Before upscaling, rock properties must be distributed. Rock properties are mainly obtained from routine core analysis (RCA) data. For the RCA data, the primary task is to establish the porosity/permeability relationship. The first process is to compute the rock quality index and, subsequently, the flow zone indicator, from which the number of rock types can be obtained.

Cores under the same classification are grouped based on rock type, and an equation of porosity/permeability is obtained for each classification, concluding the rock typing. This rock typing is pertinent in permeability computation using effective porosity derived from the wireline log data, which will be distributed in a reservoir model via log upscaling.

After the RCA data comes the special core analysis laboratory (SCAL) data, which consists of relative permeability and capillary pressure. For more than one rock type, normalization, averaging, and denormalization must take place, particularly for capillary pressure (Pc), which requires transformation using the Leverett-J function. Reservoir simulation requires SCAL data to define part of the multiphase mobility in a reservoir.

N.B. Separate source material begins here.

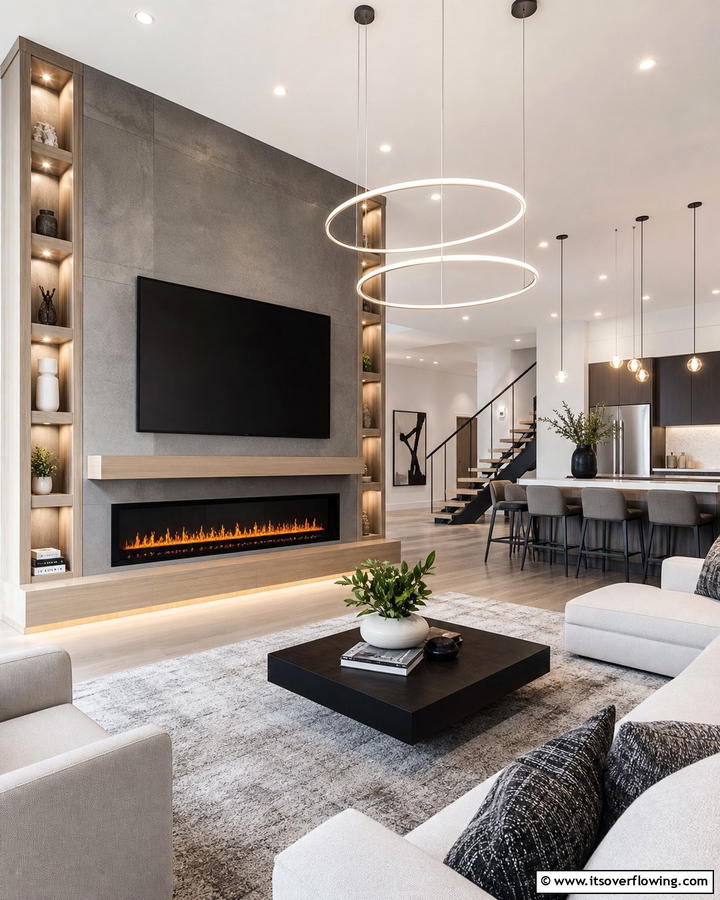 Outside Contemporary Electric Fireplace with TV Display - 30 Electric Fireplace Ideas With TV Above for Cozy Spaces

After SCAL, the next input to the simulation is pressure, volume, and temperature (PVT) data. PVT analysis is dependent on the type of reservoir fluid. For black oil, wet gas, and dry gas, the black oil model will be selected. For volatiles and condensates, the compositional model will be selected. Selection of the reservoir model type has a significant effect on PVT analysis; the black oil model uses laboratory data, and the compositional model uses equation of state.

The last part in the reservoir simulation step is initialization, whereby using the neutron-density (butterfly/football) effect, resistivity log, and pressure vs. depth data, the initial pressure in a reservoir can be defined. Some peripheral tasks in the simulator include aquifer modeling, where the underlying aquifer is modeled using equations such as Schilthuis, Van Everdingen-Hurst, or Fetkovich. The aquifer model is chosen based on the strength of the aquifer and the transmissibility between the aquifer and the overlying reservoir.

The right approach to aquifer modeling is further validated in the brownfield stage, which is also known as history matching. History matching refers to a brownfield that requires the production and pressure data to be matched. History matching begins with a sensitivity analysis and is followed by an uncertainty analysis, where the weight of modification is assigned to the most sensitive parameters.